BESSA, Alberto (1904). O Jornalismo. Esboço Histórico da Sua Origem e Desenvolvimento Até aos Nossos Dias.

Autor: BESSA, Alberto

Ano de elaboração (caso não coincida com ano de publicação)

Ano de publicação/impressão: 1904

Título completo da obra: O Jornalismo. Esboço Histórico da sua Origem e Desenvolvimento Até aos Nossos Dias

Tema principal: História do Jornalismo

Local de edição: Lisboa

Editora (ou tipografia, caso não exista editora): Livraria Editora Viúva Tavares Cardoso

Número de páginas: 365

Cota na Biblioteca Nacional e eventualmente noutras bibliotecas públicas

Cota na Biblioteca Nacional: H.G. 20867 P. P. 6704 P.

Cota na Biblioteca Municipal do Porto: J1-1-2

Esboço biográfico sobre o autor ou autores (nascimento, morte, profissão, etc.)

Alberto Bessa, escritor e jornalista, nasceu no Porto, em 1861, e morreu em Lisboa, em 1938. Iniciou a sua carreira no jornal “O Operário” e depois no “Protesto Operário”. Fundou, dirigiu e colaborou com vários periódicos portuenses, mas a sua carreira profissional ganhou particular impulso a partir do momento em que ingressou no Século”, em Lisboa, em 1896. Em 1902, saiu do “Século” para fundar jornal “Diário”. Em 1906, transferiu-se para o “Diário de Notícias”, como redactor.
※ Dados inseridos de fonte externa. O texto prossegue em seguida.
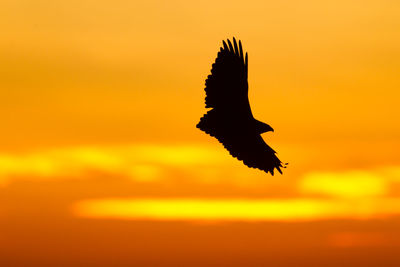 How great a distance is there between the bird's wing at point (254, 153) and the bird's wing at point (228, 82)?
4.83ft

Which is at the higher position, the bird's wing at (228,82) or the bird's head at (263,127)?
the bird's wing at (228,82)

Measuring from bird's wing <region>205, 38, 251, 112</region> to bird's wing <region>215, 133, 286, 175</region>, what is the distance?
147cm

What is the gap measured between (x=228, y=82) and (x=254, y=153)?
2711 mm

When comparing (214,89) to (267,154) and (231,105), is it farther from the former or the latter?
(267,154)

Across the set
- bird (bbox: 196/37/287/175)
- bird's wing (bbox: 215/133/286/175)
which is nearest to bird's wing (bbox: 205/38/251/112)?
bird (bbox: 196/37/287/175)

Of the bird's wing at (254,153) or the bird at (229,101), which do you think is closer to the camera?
the bird at (229,101)

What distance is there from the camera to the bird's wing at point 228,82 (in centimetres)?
2361

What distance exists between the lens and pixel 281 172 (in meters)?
25.0

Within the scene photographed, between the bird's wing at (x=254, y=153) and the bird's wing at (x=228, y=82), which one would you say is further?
the bird's wing at (x=254, y=153)

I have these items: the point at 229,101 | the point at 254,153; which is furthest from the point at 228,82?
the point at 254,153

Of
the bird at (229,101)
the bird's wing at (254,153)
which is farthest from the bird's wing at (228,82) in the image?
the bird's wing at (254,153)

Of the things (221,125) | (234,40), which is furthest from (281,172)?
(234,40)

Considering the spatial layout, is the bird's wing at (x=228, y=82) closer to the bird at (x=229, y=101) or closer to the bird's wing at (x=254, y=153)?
the bird at (x=229, y=101)

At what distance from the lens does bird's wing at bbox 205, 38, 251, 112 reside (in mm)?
23609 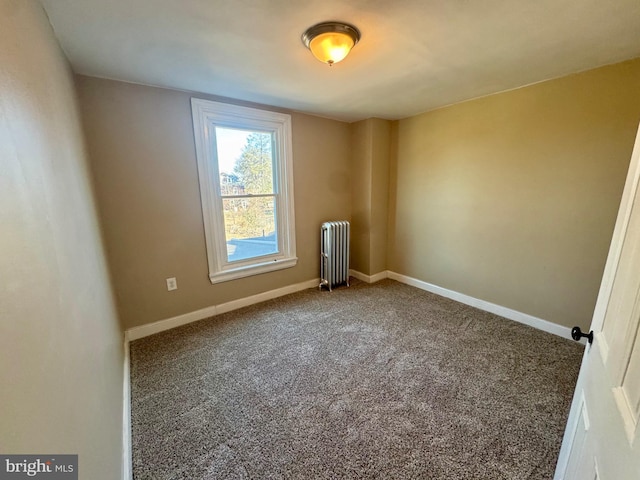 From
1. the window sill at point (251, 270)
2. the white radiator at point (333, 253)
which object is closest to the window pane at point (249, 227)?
the window sill at point (251, 270)

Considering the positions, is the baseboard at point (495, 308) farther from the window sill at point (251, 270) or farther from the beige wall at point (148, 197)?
the beige wall at point (148, 197)

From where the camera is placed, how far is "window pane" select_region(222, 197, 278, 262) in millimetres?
2891

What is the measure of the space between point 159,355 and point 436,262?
306cm

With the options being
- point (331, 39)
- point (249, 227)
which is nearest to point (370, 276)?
point (249, 227)

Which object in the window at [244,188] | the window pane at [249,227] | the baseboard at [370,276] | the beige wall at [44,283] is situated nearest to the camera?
the beige wall at [44,283]

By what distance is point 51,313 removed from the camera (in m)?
0.73

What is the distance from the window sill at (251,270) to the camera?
2838 mm

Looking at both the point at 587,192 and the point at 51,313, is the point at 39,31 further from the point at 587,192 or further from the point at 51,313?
the point at 587,192

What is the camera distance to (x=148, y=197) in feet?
7.75

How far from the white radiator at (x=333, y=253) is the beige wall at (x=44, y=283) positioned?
2409mm

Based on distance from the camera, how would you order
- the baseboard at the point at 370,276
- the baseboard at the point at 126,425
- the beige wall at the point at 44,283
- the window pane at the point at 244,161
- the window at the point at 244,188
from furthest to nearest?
the baseboard at the point at 370,276 < the window pane at the point at 244,161 < the window at the point at 244,188 < the baseboard at the point at 126,425 < the beige wall at the point at 44,283

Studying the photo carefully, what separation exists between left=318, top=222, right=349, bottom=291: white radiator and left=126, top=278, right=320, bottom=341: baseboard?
25cm

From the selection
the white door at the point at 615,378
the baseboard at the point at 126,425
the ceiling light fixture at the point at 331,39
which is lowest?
the baseboard at the point at 126,425

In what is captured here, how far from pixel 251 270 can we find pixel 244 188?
926mm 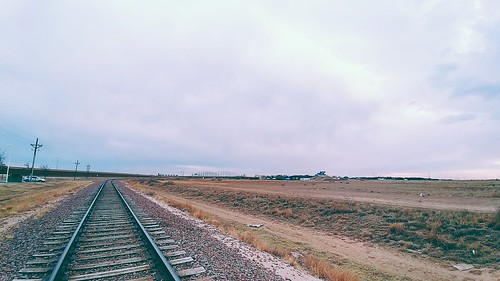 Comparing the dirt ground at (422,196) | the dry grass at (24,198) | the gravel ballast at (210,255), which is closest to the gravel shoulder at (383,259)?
the gravel ballast at (210,255)

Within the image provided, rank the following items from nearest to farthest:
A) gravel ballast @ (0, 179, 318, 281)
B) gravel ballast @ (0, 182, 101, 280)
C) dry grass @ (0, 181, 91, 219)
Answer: gravel ballast @ (0, 182, 101, 280)
gravel ballast @ (0, 179, 318, 281)
dry grass @ (0, 181, 91, 219)

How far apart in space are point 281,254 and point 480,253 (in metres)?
11.1

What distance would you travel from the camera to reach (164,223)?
13.9 m

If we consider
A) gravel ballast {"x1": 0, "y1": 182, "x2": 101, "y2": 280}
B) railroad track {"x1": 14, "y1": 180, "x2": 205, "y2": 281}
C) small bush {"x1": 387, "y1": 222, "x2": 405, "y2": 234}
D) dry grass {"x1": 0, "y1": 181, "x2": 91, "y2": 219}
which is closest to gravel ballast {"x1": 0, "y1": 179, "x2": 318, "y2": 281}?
gravel ballast {"x1": 0, "y1": 182, "x2": 101, "y2": 280}

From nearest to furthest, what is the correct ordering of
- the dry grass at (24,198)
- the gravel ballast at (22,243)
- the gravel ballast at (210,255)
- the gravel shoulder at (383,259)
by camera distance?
the gravel ballast at (22,243) < the gravel ballast at (210,255) < the gravel shoulder at (383,259) < the dry grass at (24,198)

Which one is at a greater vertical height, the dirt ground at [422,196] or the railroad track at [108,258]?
the dirt ground at [422,196]

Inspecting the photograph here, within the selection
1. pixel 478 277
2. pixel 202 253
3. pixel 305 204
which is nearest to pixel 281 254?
pixel 202 253

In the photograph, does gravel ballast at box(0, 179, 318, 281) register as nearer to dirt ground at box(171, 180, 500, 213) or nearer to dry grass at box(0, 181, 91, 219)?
dry grass at box(0, 181, 91, 219)

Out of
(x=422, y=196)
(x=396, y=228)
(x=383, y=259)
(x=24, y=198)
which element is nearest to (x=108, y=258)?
(x=383, y=259)

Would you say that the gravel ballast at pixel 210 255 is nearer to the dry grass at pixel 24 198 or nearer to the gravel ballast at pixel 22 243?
the gravel ballast at pixel 22 243

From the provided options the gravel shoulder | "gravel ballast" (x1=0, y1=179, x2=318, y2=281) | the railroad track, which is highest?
the railroad track

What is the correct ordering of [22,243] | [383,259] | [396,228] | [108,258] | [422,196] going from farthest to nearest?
[422,196] → [396,228] → [383,259] → [22,243] → [108,258]

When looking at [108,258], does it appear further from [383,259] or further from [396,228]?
[396,228]

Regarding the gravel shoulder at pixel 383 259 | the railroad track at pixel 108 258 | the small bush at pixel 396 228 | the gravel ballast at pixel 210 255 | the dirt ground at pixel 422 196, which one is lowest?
the gravel shoulder at pixel 383 259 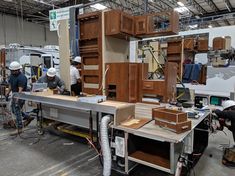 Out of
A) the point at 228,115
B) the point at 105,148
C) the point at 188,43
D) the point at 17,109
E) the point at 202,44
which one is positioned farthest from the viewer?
the point at 202,44

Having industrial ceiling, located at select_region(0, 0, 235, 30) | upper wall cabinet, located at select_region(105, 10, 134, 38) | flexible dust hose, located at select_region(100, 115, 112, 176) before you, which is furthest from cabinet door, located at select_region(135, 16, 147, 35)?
industrial ceiling, located at select_region(0, 0, 235, 30)

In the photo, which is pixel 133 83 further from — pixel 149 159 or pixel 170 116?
pixel 149 159

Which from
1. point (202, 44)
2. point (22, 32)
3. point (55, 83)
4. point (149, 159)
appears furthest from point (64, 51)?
point (22, 32)

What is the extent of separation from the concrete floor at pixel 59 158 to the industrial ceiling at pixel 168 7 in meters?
6.74

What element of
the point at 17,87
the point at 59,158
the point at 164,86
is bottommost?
the point at 59,158

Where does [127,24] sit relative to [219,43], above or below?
above

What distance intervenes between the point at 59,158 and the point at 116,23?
2.32 metres

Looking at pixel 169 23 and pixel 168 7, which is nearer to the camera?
pixel 169 23

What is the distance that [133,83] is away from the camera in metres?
3.25

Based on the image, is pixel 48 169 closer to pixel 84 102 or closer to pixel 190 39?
pixel 84 102

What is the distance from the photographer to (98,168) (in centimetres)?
277

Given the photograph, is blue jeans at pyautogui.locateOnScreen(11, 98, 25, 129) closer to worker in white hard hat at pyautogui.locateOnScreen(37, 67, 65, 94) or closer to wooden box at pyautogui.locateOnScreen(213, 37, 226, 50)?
worker in white hard hat at pyautogui.locateOnScreen(37, 67, 65, 94)

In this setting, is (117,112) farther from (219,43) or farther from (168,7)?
(168,7)

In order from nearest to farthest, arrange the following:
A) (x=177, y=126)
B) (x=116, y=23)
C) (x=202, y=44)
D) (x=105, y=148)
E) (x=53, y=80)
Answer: (x=177, y=126), (x=105, y=148), (x=116, y=23), (x=53, y=80), (x=202, y=44) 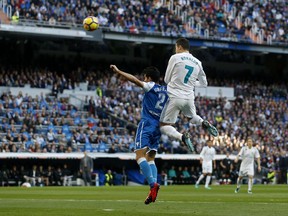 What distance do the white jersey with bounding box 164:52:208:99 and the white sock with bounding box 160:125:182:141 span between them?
2.38 ft

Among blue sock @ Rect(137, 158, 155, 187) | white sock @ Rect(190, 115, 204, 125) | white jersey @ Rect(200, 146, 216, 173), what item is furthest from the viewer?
white jersey @ Rect(200, 146, 216, 173)

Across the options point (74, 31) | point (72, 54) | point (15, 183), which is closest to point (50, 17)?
point (74, 31)

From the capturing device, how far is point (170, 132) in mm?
17359

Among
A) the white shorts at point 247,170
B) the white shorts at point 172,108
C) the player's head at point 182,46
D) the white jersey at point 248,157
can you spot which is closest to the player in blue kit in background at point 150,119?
the white shorts at point 172,108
Em 1910, transferiu-se para o “Jornal do Comércio e das Colónias”, do qual foi redactor principal (1917) e director (1921), cargo que ocupou até 1932. Bessa foi também um grande dinamizador do movimento associativo dos jornalistas, sendo um dos fundadores da Associação da Imprensa Portuguesa. Foi secretário da comissão instaladora da Associação da Imprensa Portuguesa (1897) e membro da Associação de Jornalistas e Homens de Letras do Porto. Em 1912, enquanto esteve ligado ao “Jornal do Comércio e das Colónias”, escreveu a “Enciclopédia do Comércio e do Industrial”. Prometeu lançar um livro intitulado “Nos Bastidores do Jornalismo”mas, aparentemente, nunca o publicou e, se o tinha em manuscrito, provavelmente este perdeu-se.

Índice da obra

O jornal e o público (artigo-prefácio) p. VII

Ao leitor p. XXI

Synthese da imprensa p. 23

A necessidade da convivência p. 39

Origem da publicidade periódica p. 47

Origem das «folhas» e das «gazetas» p. 53

O jornalismo na Inglaterra p. 59

Jornaes portuguezes impressos em Londres p. 88

O jornalismo em França p. 91

Jornaes portuguezes impressos em Paris p. 140

O jornalismo em Portugal e Hespanha p. 143

Do modo de ser do jornalismo entre nós p. 178

O jornalismo na China p. 187

Jornaes portuguezes impressos na China p. 194

O jornalismo no Japão p. 195

Jornaes portuguezes impressos no Japão p. 205

O jornalismo na América p. 207

Jornaes portuguezes impressos nos Estados Unidos p. 235

O jornalismo no Brasil p. 237

Jornaes portuguezes impressos no Brasil p. 255

Jornaes orientaes e argentinos p. 257

Jornaes portuguezes impressos em Montevideu e Buenos-Ayres p. 259

O jornalismo na Rússia p. 261

O jornalismo na Itália p. 272

Na Áustria – O jornal-telephonico p. 278

O jornal do Oceano e o jornal do Pólo p. 283

O jornalismo no futuro – Conclusão p. 285

Resenha Chronológica e Alphabetica do jornalismo brasileiro p. 287

Addenda relativa ao jornalismo do Estado de S. Paulo p. 355

Errata importante p. 365

Resumo da obra (linhas mestras)

O Jornalismo – Esboço Histórico da Sua Origem e Desenvolvimento Até aos Nossos Dias, de Alberto Bessa, prefaciado por Edmundo d’Amicis, editado em 1904, é o primeiro exemplo de uma verdadeira história (internacional) do jornalismo publicada no país, embora o autor, como outros da mesma época, extravase o seu objecto de estudo para desenvolver, por exemplo, várias considerações sobre o jornalismo nacional e estrangeiro que se praticava na altura.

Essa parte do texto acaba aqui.